RE: Pedestrian deaths. I’m trying to understand why SE Seattle got an especially bad wrap from Erica when Aurora and 23rd had the same number. To me, that speaks more to high traffic volumes than it does to anything else. Am I missing something? And where on Rainier are there traffic lights more than a mile apart?
Rainier is again the case where a real highway corridor is needed instead of a neighborhood street that has been turned into a highway.
The ridiculousness of I-167 just going from a highway in Renton to suddenly emptying out onto a street with traffic lights!
These pedestrian deaths and car-bike-ped interface problems are caused by the lack of highway infrastructure, which also accounts for most of the transit woes and those will never be solve solely by mass transit in an area which is obviously 99 percent dependent on personal transit.
Opinion: Defective by design.
McGinn’s criticisms of the 520 Workgroup Report are valid:
The SR-520 corridor was designated as a BRT high-capacity corridor and marketed that way.

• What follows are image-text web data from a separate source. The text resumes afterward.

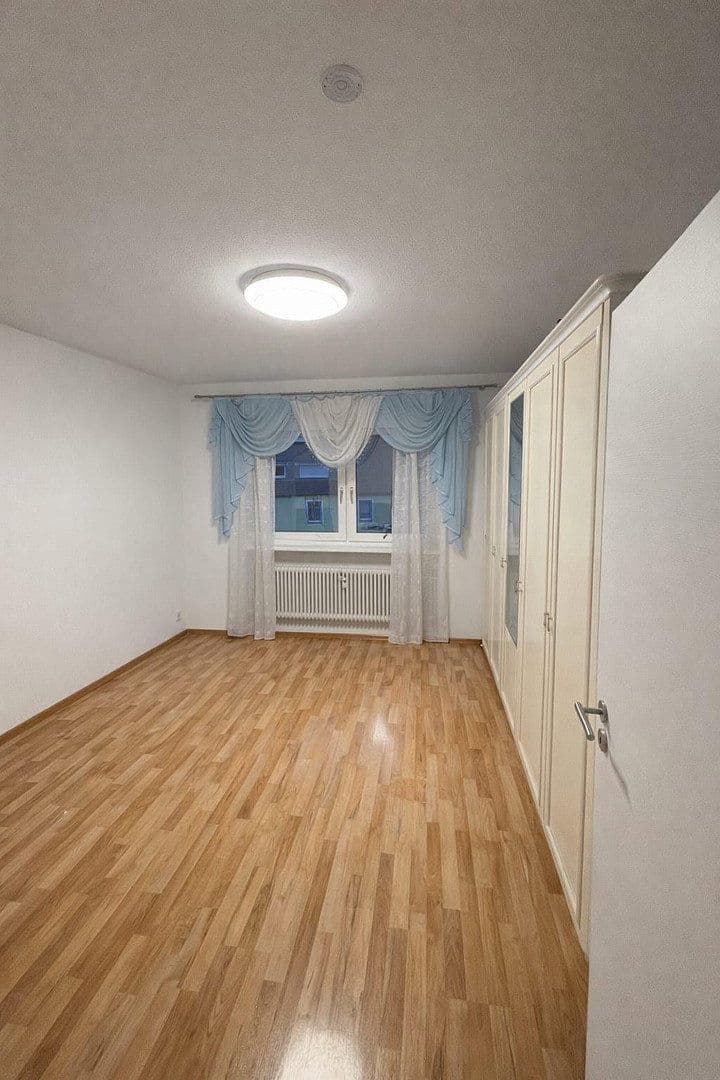 Prodej bytu 4+1 88 m², Neunkirchen a. Sand, Bavorsko Prodej bytu 4+1 88 m², Neunkirchen a. Sand, Bavorsko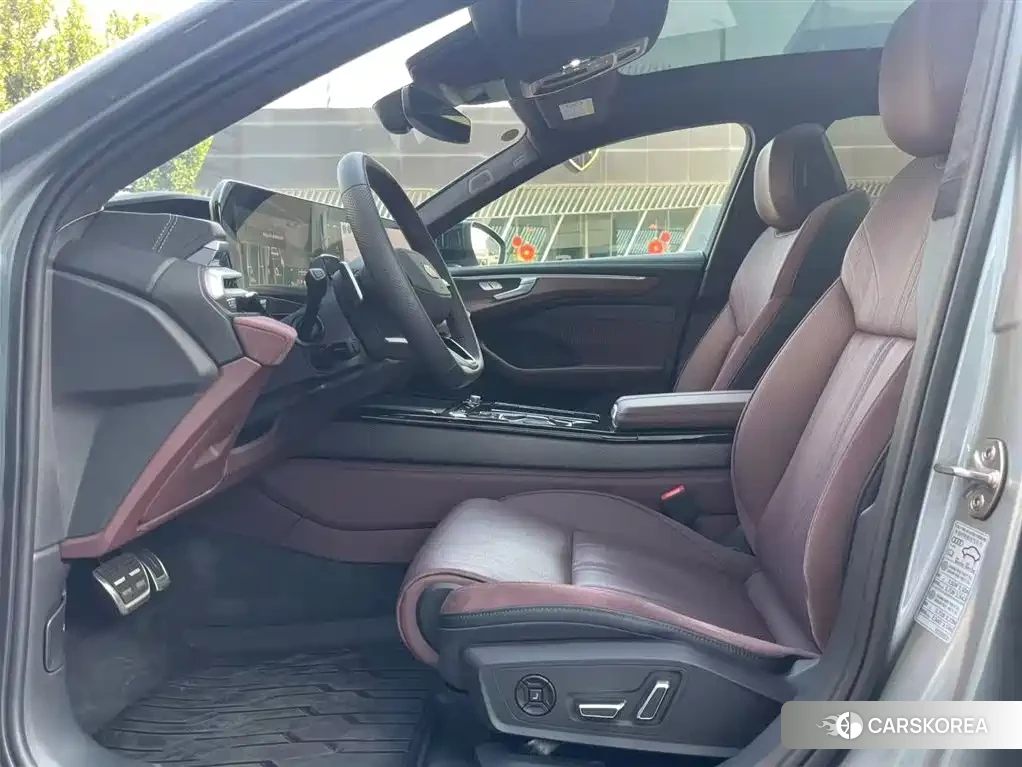 Audi A6L 2026 Silver/gray из Китая, фото 6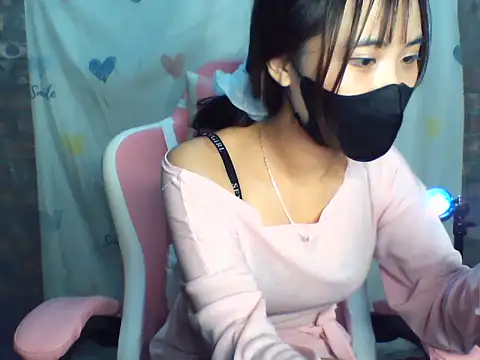 Christy435 online show from November 2025 11:58:02 AM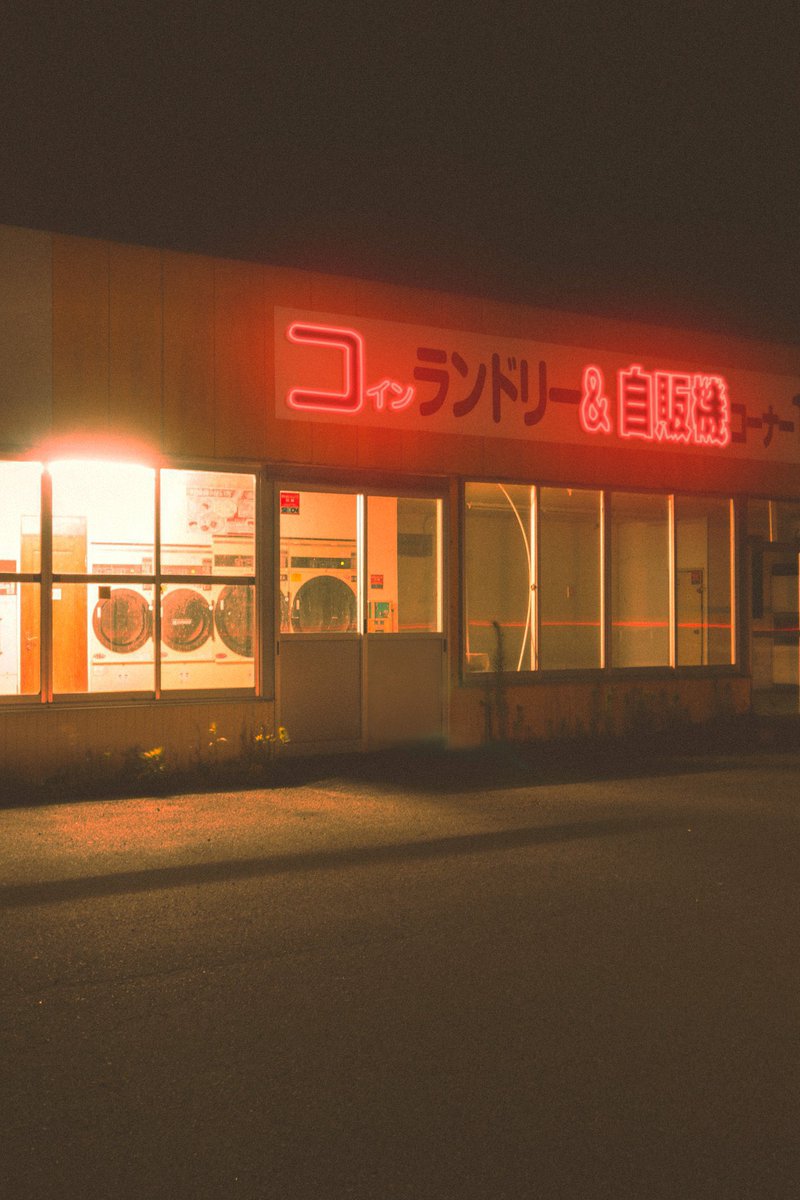 thalestanoshi's tweet image. I am a young artist of 20 years.  Here is some of my art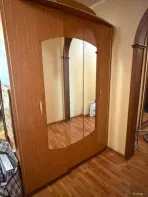 Шкаф двухдверный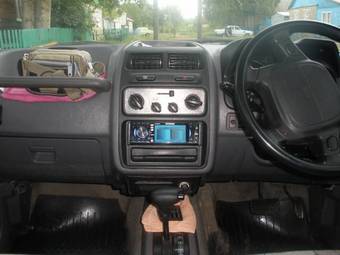 1996 Mitsubishi Pajero Images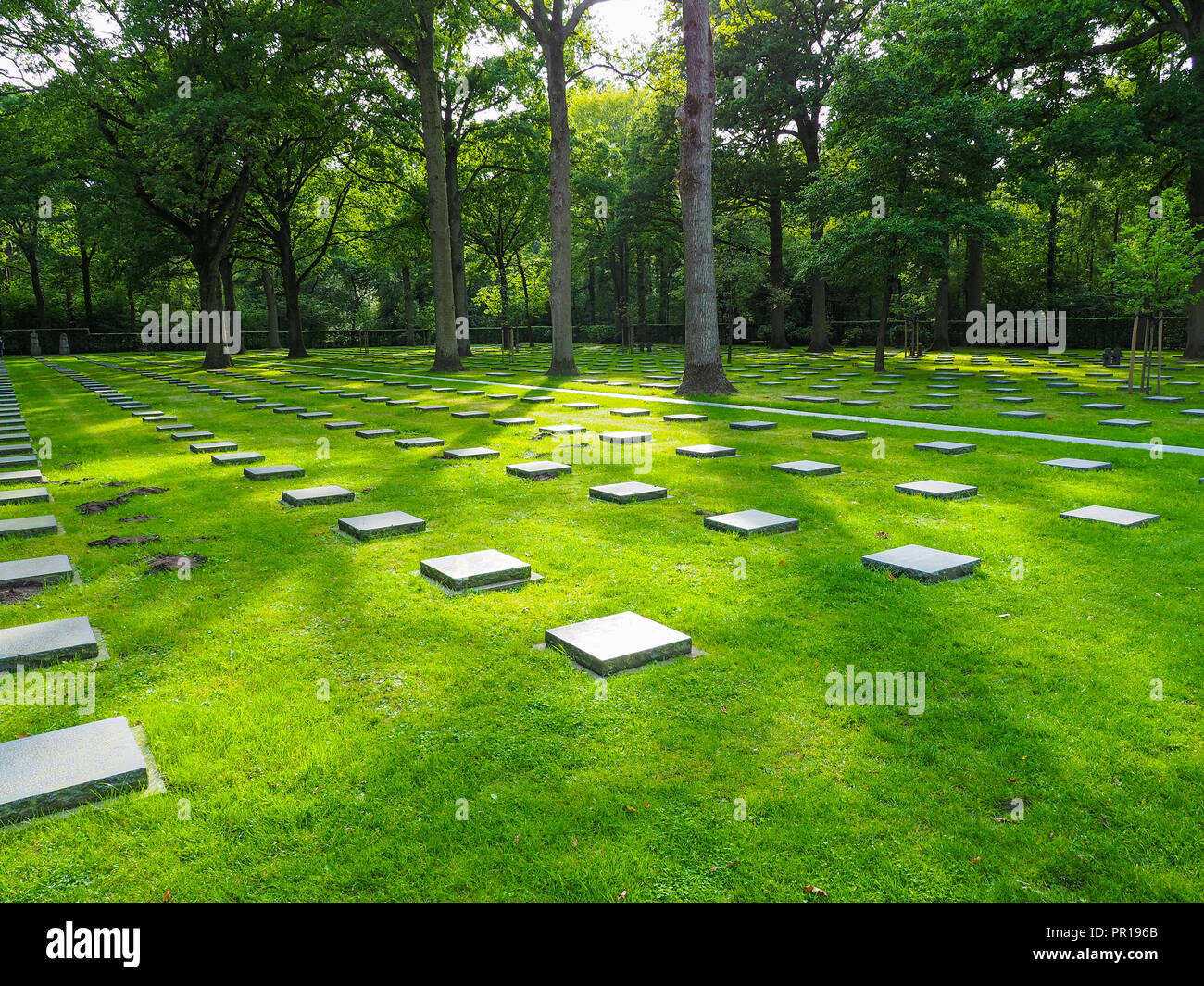 Menen deutscher kriegsfriedhof Fotos und Bildmaterial in hoher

There is no operating funding committed or identified for the BRT.
The report includes the ominous statement: “Transit service across SR 520 should be monitored, evaluated and adjusted as transit ridership changes” which sounds like it could be used to reduce or eliminate service, just as has continuously happened to ST route 540.
Removal of the Montlake Freeway station creates increased annual operating costs of $6 million/year per the Metro planner who worked on this group – yet no funding has been provided to cover this increased operating cost.
Removal of the Montlake Freeway station with no replacement makes it more difficult and more costly to provide efficient routes which service both the Montlake/U-District and connecting routes, and downtown Seattle. For example, the continuing cutbacks on ST 540 demonstrate that there isn’t enough demand to maintain a dedicated Kirkland – U District route outside of the peak period, and that is service is better met by MT 255 via the Montlake station. The new ST 542 Redmond – U District is peak hours Mon-Fri only. It precludes a future ST express route like Woodinville – Brickyard – Totem Lake – Montlake – Downtown Seattle (via I-405/520/I-5) which provides U District connectivity.
It is disappointing that neither Sound Transit nor Metro have used their political influence to demand retaining the Montlake Freeway station – or to get permanent operating funding to offset the increased operating costs.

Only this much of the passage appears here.